Was seitdem auch immer geschehen ist zwischen Politikern und Medienschaffenden, es herrschen heute rundum andere Verhältnisse. Die nachdrücklichsten Rücktrittsforderungen seit Langem sowohl in Zahl als auch Tonlage stellten Journalisten jetzt gerade an die Adresse eines anderen Journalisten, den Springer-Vorstandschef Mathias Döpfner, der ihrer Meinung nach zumindest als Präsident des Verlegerverbandes gehen sollte, weil er sich despektierlich über die mangelnde Bereitschaft der meisten Pressevertreter zur Regierungskritik geäußert hatte. Erst dann, wenn die wohlmeinenden Medienleute über die Maskengeschäfte von Jens Spahn ähnlich schreiben würden wie über einen durchgesickerten Satz Döpfners aus einer privaten Korrespondenz, müsste der Unionspolitiker sich Sorgen um sein weiteres Fortkommen machen. Vorher eher nicht.
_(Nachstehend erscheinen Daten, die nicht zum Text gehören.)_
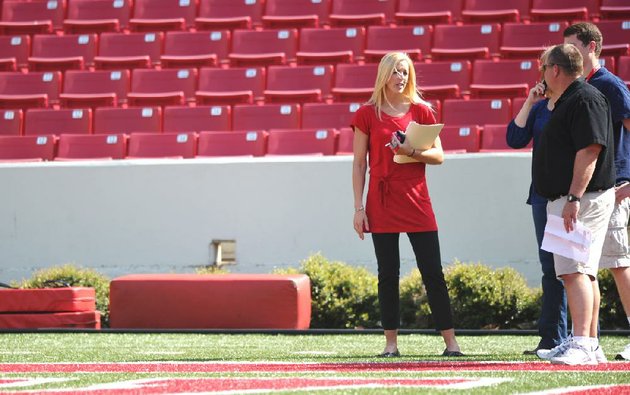 eight-months-after-resigning-her-position-on-the-arkansas-football-staff-jessica-dorrell-has-landed-a-new-job-after-moving-to-south-carolina-she-is-shown-here-at-reynolds-razorback-stadium-in-march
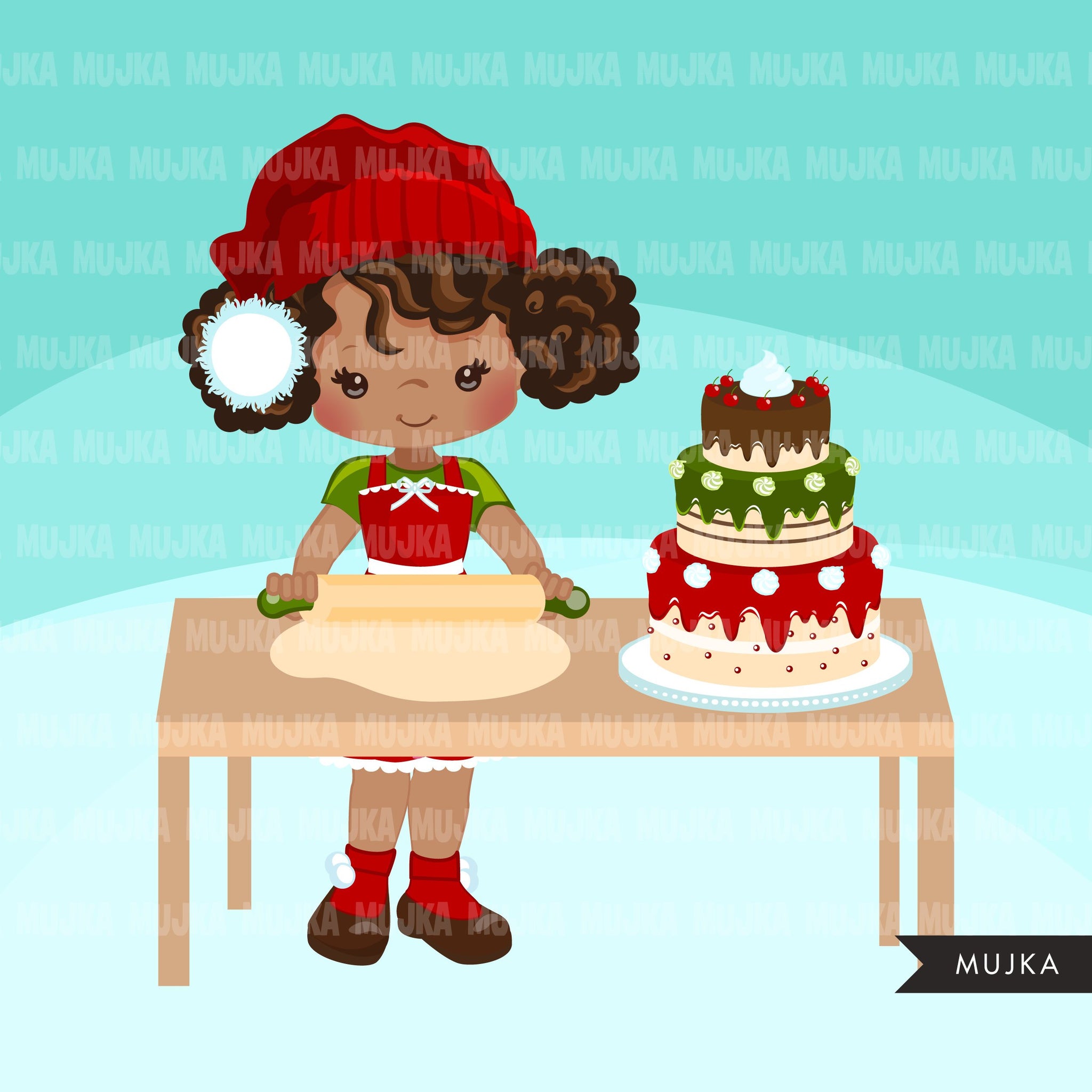 Christmas Baking Clipart, Cute baker girl characters, kitchen, baking party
In der Geschichte der deutschen Medien von diesem Gespräch bis heute gibt es einen makroanalytischen Teil: das Netz, in das viele Leser abwandern, die angebliche Unlust des Publikums, für Journalismus zu bezahlen, die zurückgehenden Werbeeinnahmen und den sich aus allen drei Faktoren ergebenden Zwang, wenig und im Vergleich zu goldenen Zeiten schlecht bezahltes Schreibpersonal zu beschäftigen, oder gleich Schreibprogramme, die übrigens dank KI schon besser arbeiten als das Autorenkollektiv des Annalena-Baerbock-Buchs.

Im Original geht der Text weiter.